Intel is making it easier for giant online businesses like Amazon, Facebook and eBay to use its powerful Xeon server processors in their massive data centers.
At the Gigaom Structure 2014 event June 18 in San Francisco, Diane Bryant, senior vice president and general manager of Intel’s Data Center and Connected Systems Group, announced a program in which the giant chip maker will offer customizable Xeon processors, a move that she said will bring improved performance and enable users to better optimize the chips for their particular workloads.
The program, which calls for the integration of field-programmable gate array (FPGA) technology into the same package as the Xeon processors, is part of a larger effort underway at Intel to offer organizations a wider selection of silicon products that are more adaptable to individual workloads.
The data center is seeing a rapid transformation toward cloud computing and IT becoming the business rather than simply supporting it and that is bringing changes, according to Bryant.
“Two significant changes are the move to software defined infrastructure (SDI) and the move to scale-out, distributed applications,” Bryant wrote in a post on the company blog. “The speed of application development and deployment of new services is rapid. The infrastructure must keep pace. It must move from statically configured to dynamic, from manually operated to fully automated, and from fixed function to open standard.”
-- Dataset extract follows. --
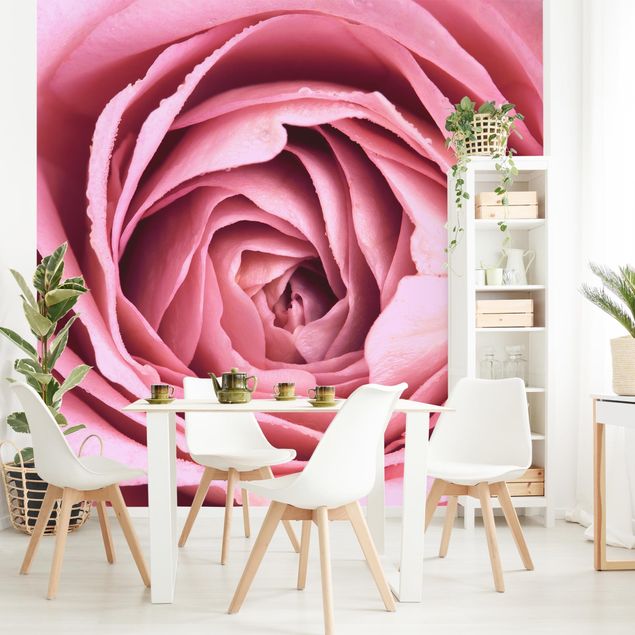 Moderne Tapeten Rosa Rosenblüte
In the past, Intel and other chip makers would roll out new processors and sell them to system OEMs, who would then put those chips into servers and sell them to end users to use in their data centers in the manner they wanted. Businesses might have had some choices within the chips, such as how many cores or the speeds at which they ran, but for the most part, the chip Intel made is the chip they got.
That is changing. Online cloud businesses like Facebook and Google run huge data centers that are filled with massive numbers of servers running significant numbers of small workloads and they want systems that run those jobs at optimum performance and efficiency levels.
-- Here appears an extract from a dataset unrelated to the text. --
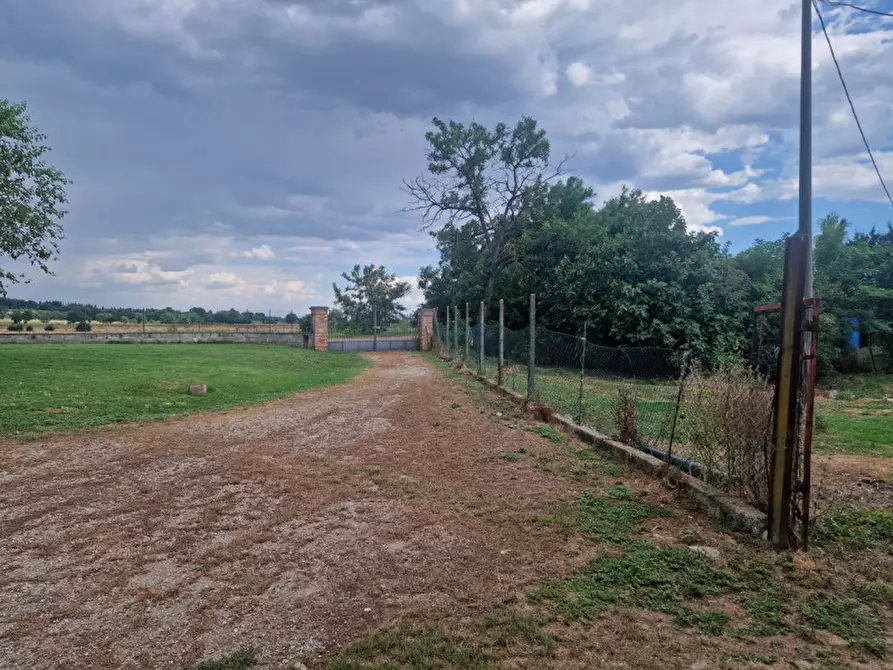 Immagine 6 di Rustico / casale in vendita  a Lucignano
They are becoming dominant consumers of servers and other data center infrastructure and that kind of buying power carries a lot of weight. Intel is looking to optimize their chips to those workload, and last year built 15 custom processors designed to meet the needs of particular customers, such as eBay and Facebook, and there are more than twice that many products planned for 2014, Bryant said.
The integration of the FPGAs with the standard Xeon E5 processor will enable organizations to more easily program the chips to better handle particular workloads and then reprogram those chips for other jobs, according to Bryant.
“The FPGA provides our customers a programmable, high performance coherent acceleration capability to turbo-charge their critical algorithms,” she wrote. “And with down-the-wire reprogrammability, the algorithms can be changed as new workloads emerge and compute demands fluctuate. Based on industry benchmarks FPGA-based accelerators can deliver [more than 10 times] performance gains. By integrating the FPGA with the Xeon processor, we estimate that customers will see an additional 2X in performance thanks to the low latency, coherent interface.”
Intel has been aggressive in addressing the rapidly changing demands in the data center. Where once the chip maker would release a handful of models of each processor they released, now they can roll out two dozen or more to offer greater optimization for particular workloads. In addition, the company is leveraging its low-power Atom platform for dense microservers—and trying to fend off a challenge by ARM and its partners, which includes longtime rival Advanced Micro Devices—while introducing an even smaller and more energy-efficient Quark family for the Internet of things.
The company also is looking to gain a larger presence in the networking and storage sectors of the data center.
“As we have seen many times during our history, transformation creates both opportunities and threats,” Bryant wrote. “Anyone in our industry trying to cling to the legacy world will be left behind. We see the move to cloud services and software defined infrastructure as a tremendous opportunity and we are seizing this opportunity.”